Check out: Kind of Blue

John Coltrane:
“Giant Steps — on this record Coltrane plays with blistering heat and boundless imagination.”
Check out: Giant Steps

Ornette Coleman:
“The records Coleman made for Atlantic was the real beginning of Free Jazz, which means jazz not based on a set foundation like chord changes or anythin’. His band was terrific with [Coleman on sax], Scott LoFaro and Charlie Haden on bass, Ed Blackwell on drums, and Don Cherry on Trumpet.”
Check out: Beauty Is A Rare Thing: The Complete Atlantic Recordings

6 Responses

  1. Dean Haspiel

    That’s a great DUKE illo, Tara.

    Sean’s COUNT is killer, too.

    Swell jazz article, Harv.

  2. alex

    where’s mingus? how can any jazz innovation post exclude that guy?

  3. Molly Crabapple

    beautiful illustration by Tara Seibel

  4. Xavi

    Lists!

    So, the classic: the ones that say some hot shot is missing from the list… the ones that say it is too obvious and that they have come out with a better one.

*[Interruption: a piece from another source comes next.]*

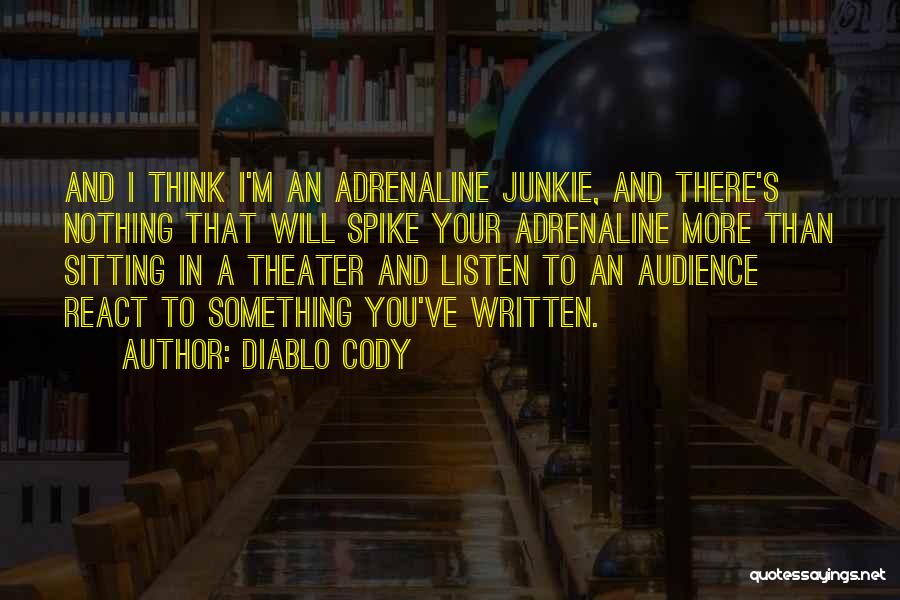 Diablo Cody Quotes: And I Think I'm An Adrenaline Junkie, And There's Nothing That Will Spike Your Adrenaline More Than Sitting In A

    Lists, I believe, are not meant to be complete (they are, by very definition, a personal, subjective selection) nor they are meant to be indisputable. They are just supposed to open doors to other people, so you can go places you don’t know.

    As for me, for example, I didn’t know where to start with Gillespie and Parker… and now I know. Good enough.

    Cheers.

    Xavi

  5. sean

    i think thats why jeff said it was a list and not the list. when i talked to harvey about it he was specific in saying that others could feel differently, hence the “disclaimer”. great illustration, tara, and many thanks to all who dig the blog.

    sean

  6. James Jajac

    I am in love with these posts! Beautiful Basie Illustration! Great great work, I’m very excited about these.

    Seriously though is this gonna make me feel bad for liking Depeche Mode sometimes?